The New York Times Book Review, December 10, 1995

Pearson portrays the 7 deadly sins in the J. Paul Getty heirs as “a tragedy,” but Henriques sees mere vulgarity. These people (with suicide, addiction, embitterment, family feuding, million-dollar family lawsuits, “emotionally abusive and sumptuous vacations,” etc.) were victims not of money but “of their own hunger for that money, and their craven fear that it would somehow elude them.” Pearson tells of the kidnapping of J. Paul Getty III, 7/10/73, by Calabrian bandits who demanded 17 million. The granddaddy refused despite the mother’s pleas. Still, she was comforted by being able to move into a “livelier” apartment in Rome during the stalemate.
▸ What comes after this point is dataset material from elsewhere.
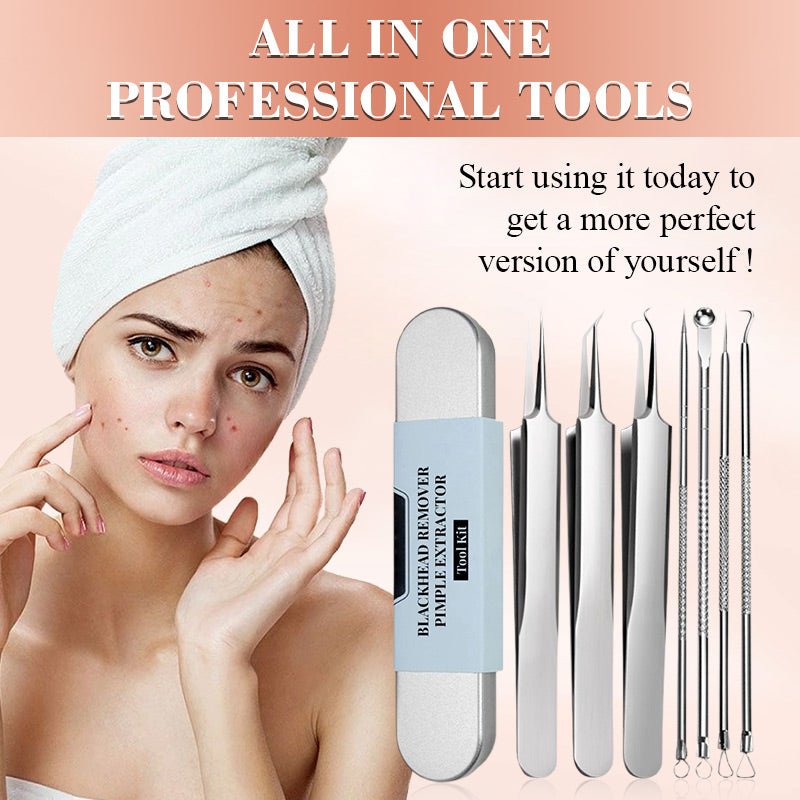 DermaTool™ – Stainless Steel Blackhead Removal Tool Set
On 10/21 the Calabrians mailed an ear of the grandson. J. Paul the First stood firm. “Finally the Calabrians reduced their demand to $3.2 million, and the senior Getty finally relented–sort of. He would pay the $2.2 million of the ransom that his accountants said was tax-deductible as a casualty loss under the tax code of the day, which limited such write-offs to 10% of one’s taxable income; the boy’s father would have to cover the rest, which he did by borrowing from his father at 4% interest.”